Supplied material:

━━━━━━

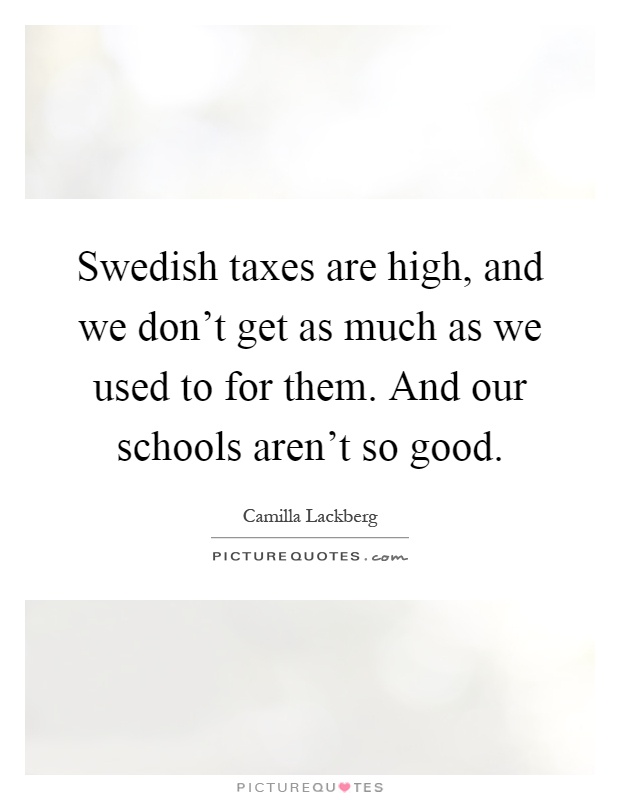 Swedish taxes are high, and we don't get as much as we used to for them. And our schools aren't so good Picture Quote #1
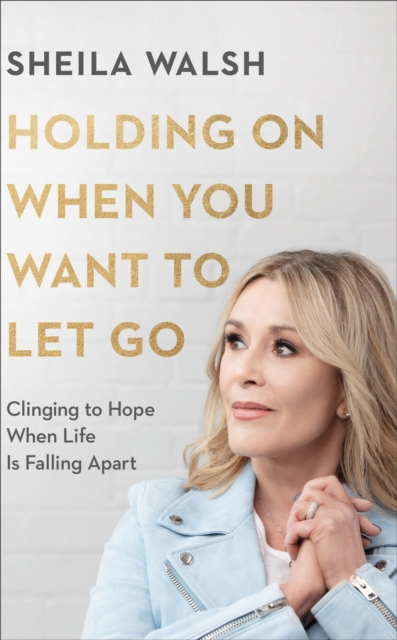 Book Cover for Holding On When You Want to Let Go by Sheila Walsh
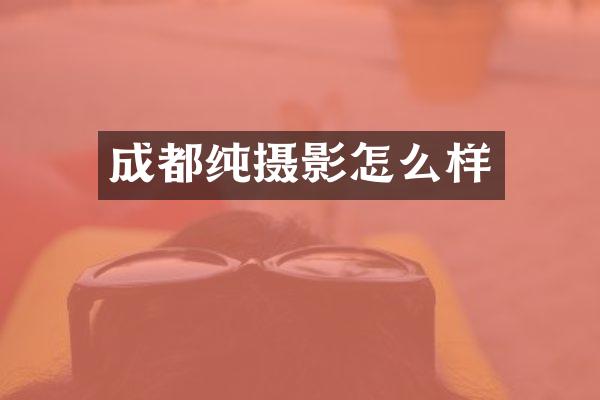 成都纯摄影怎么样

━━━━━━

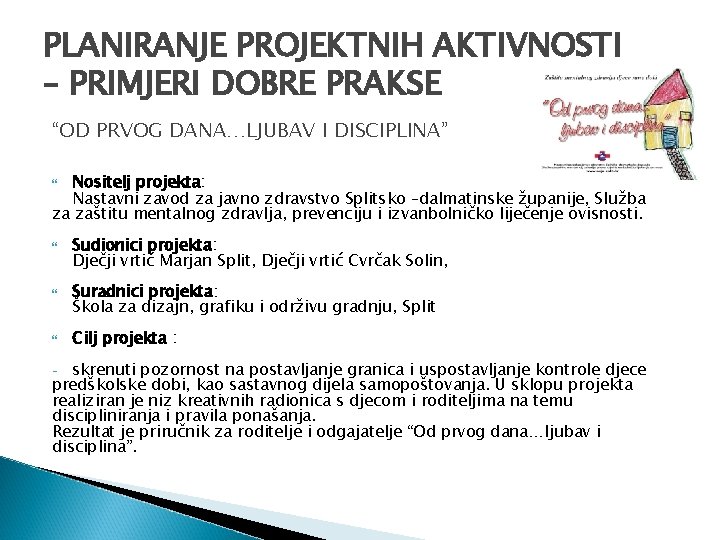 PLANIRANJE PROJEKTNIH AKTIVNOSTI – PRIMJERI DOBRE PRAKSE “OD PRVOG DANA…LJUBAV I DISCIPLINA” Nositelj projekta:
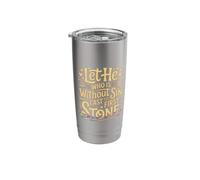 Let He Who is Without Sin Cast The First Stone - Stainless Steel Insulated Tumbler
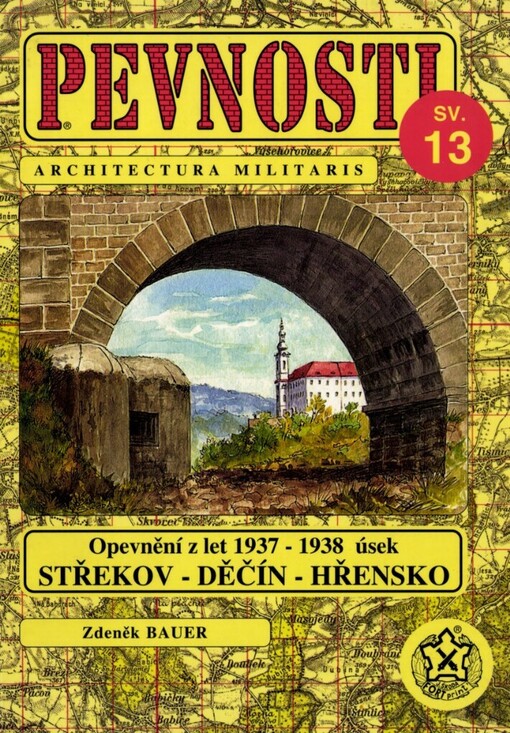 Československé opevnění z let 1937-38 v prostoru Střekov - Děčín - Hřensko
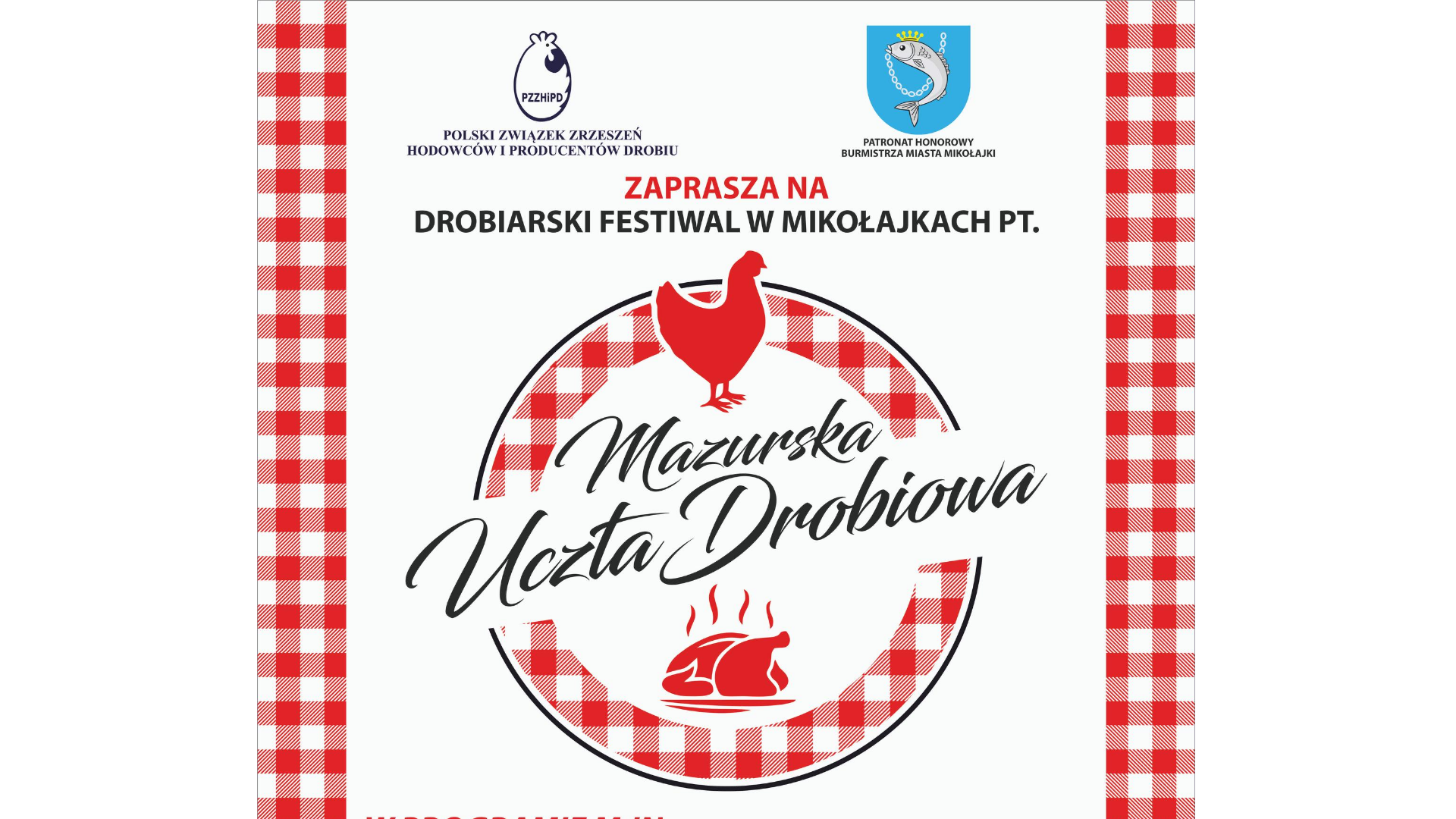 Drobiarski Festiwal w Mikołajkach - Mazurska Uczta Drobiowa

━━━━━━

Required action: Exercise for the records above: copy only the lines from the one with "PLANIRANJE PROJEKTNIH AKTIVNOSTI" to the one with "Let He Who is", both ends kept, and drop the pictures.

Exercise result:
 PLANIRANJE PROJEKTNIH AKTIVNOSTI – PRIMJERI DOBRE PRAKSE “OD PRVOG DANA…LJUBAV I DISCIPLINA” Nositelj projekta:
 Let He Who is Without Sin Cast The First Stone - Stainless Steel Insulated Tumbler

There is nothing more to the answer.